## GNN<span style="font-size: 1.3em; font-family: Comic Sans MS, Aptos (Body);">4</span>ID

This notebook demonstrates a comprehensive pipeline to convert raw PCAP files into graph data objects suitable for Graph Neural Network (GNN) models. The pipeline extracts flow-level information alongside packet-level details, ultimately producing two primary outputs:

1. <u>Extracted Flow-based Features with Packet-Level Information</u>: Detailed flow-based features are extracted, including comprehensive packet-level information.
2. <u>Graph Data Objects for GNN Models</u>: Flow-based features and packet-level details are transformed into individual graph data objects, suitable for graph-level predictions using GNN models.

This transformation enables the application of GNNs for advanced network traffic analysis and intrusion detection, leveraging the rich information from both flow and packet levels.

In [8]:
from utility.functions import *
from utility.flow_features import *
import tarfile
import glob
import shutil
import subprocess

### Extraction of Compressed PCAP Files from the CIC-IoT2023 Dataset

For demonstration purposes, we will utilize the CIC-IoT2023 dataset, one of the latest and most comprehensive datasets available for IoT network traffic analysis. You can access and download the dataset from the following link: [CIC-IoT2023 Dataset](https://www.unb.ca/cic/datasets/iotdataset-2023.html).

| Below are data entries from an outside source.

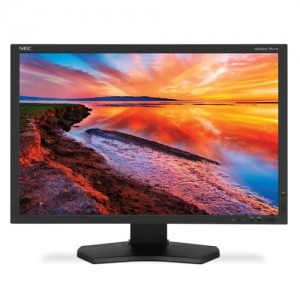 NEC PA241W  24" / 1920x1200 (IPS) / 8ms / D-SUB + 2*DVI-D + DP / USB / HAS + PIVOT / Silver-White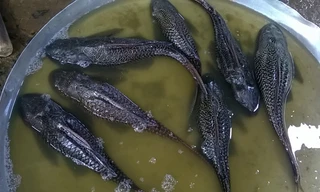 Cá lau kiếng được bán ở chợ Tam Nông, Đồng Tháp. Ảnh: N.B.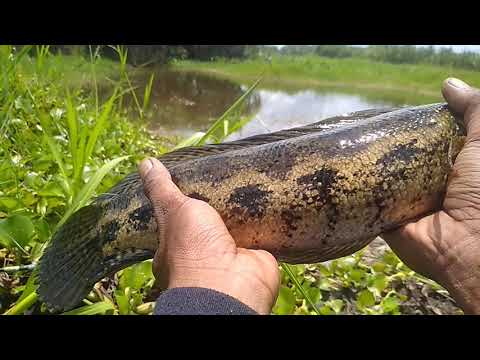 Casting feat bocil andalan, spot pertambangan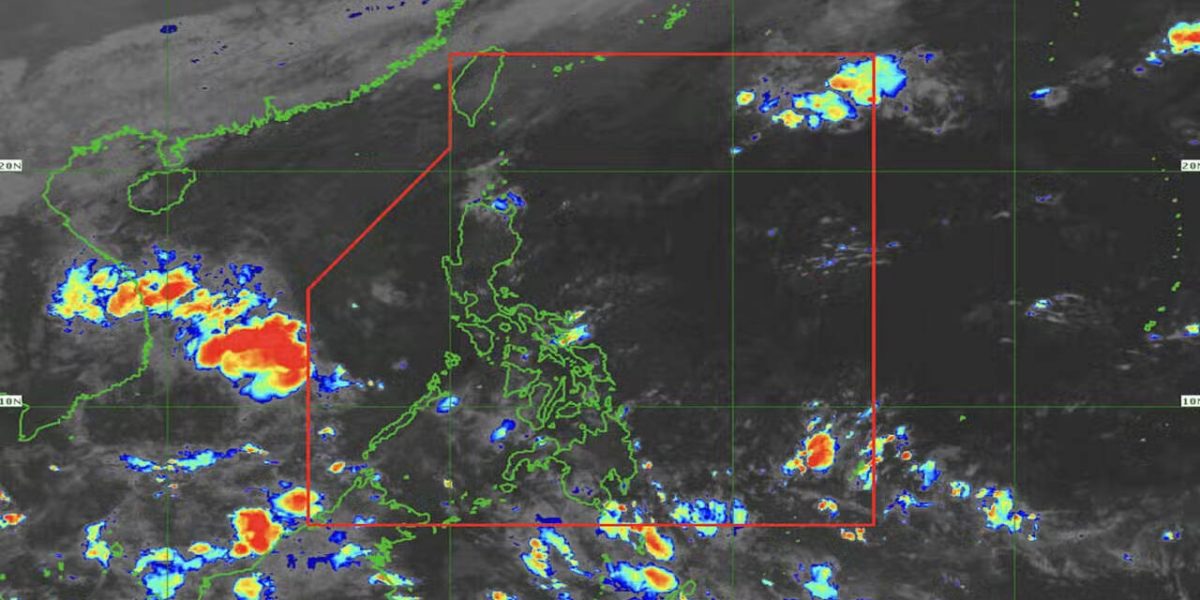 photo 2025 11 18 21 36 06 1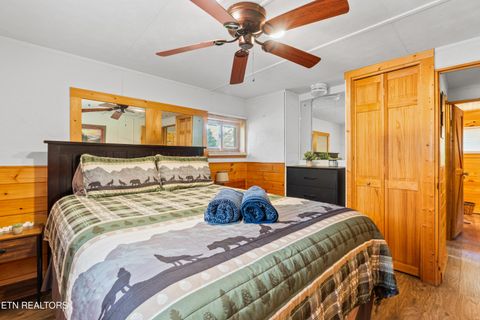 Tiny photo for 8513 E Lamar Alexander Pkwy, Townsend, TN 37882 (MLS # 1328373)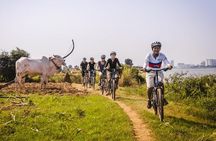 5-Hour Biking Tour in Mekong Island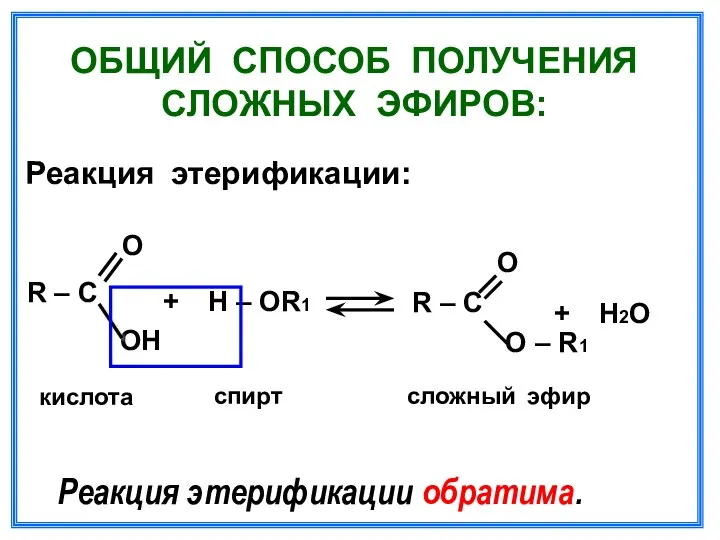 ОБЩИЙ СПОСОБ ПОЛУЧЕНИЯ СЛОЖНЫХ ЭФИРОВ: Реакция этерификации: О R – C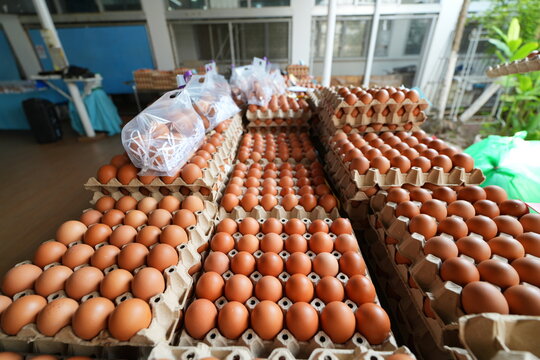 many fresh eggs at the market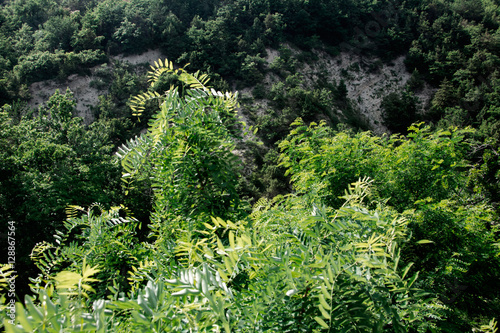 Trees, shrubs, herbs in the mountains. Russia, Gelendzhik.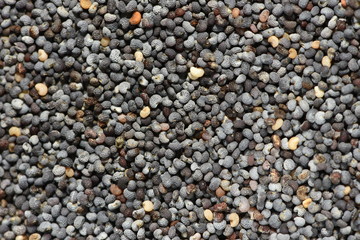Macro of dried poppy seeds as a background.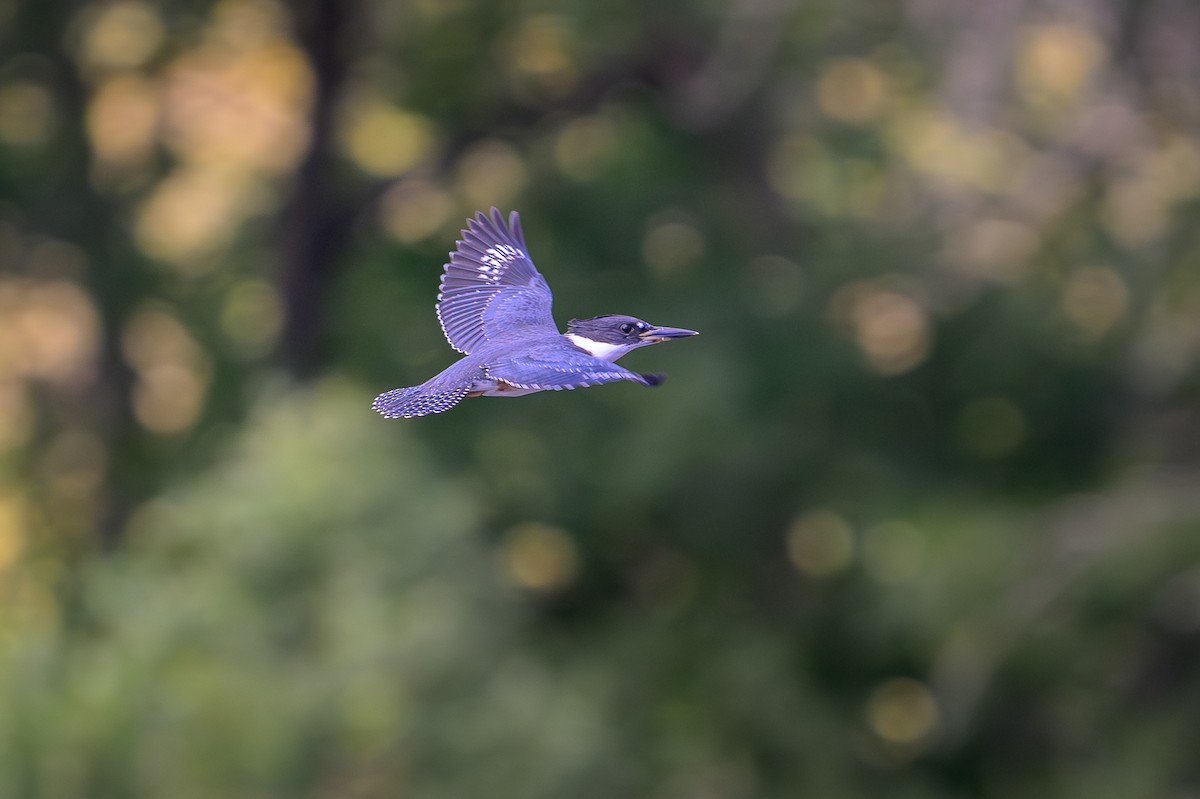 Belted Kingfisher - ML640735198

While this example uses the CIC-IoT2023 dataset, any dataset with labeled raw packets can be used. If your PCAP files are not labeled, you can use the tool available at [Payload Byte](https://github.com/Yasir-ali-farrukh/Payload-Byte) for labeling the PCAP files.


In [134]:
# Provide path to the directory where Raw Pcap Files are downloaded
# The CIC-IoT2023 Dataset is availble in compressed .tar format
Directory = "F:\\CIC IoT Dataset 2023\\*.tar.gz"
# Path where you want the extracted PCAP files to be
Out_Directory = 'F:\\CIC_IOT\\Packet_Level_Data'

Compressed_files = glob.glob(Directory)

In [137]:
for files in Compressed_files:
    file = tarfile.open(files) 
    file.extractall(Out_Directory)

### Renaming the PCAP Files

To facilitate easier differentiation between attack classes during the transformation into graph data objects, it is essential to rename the PCAP files appropriately.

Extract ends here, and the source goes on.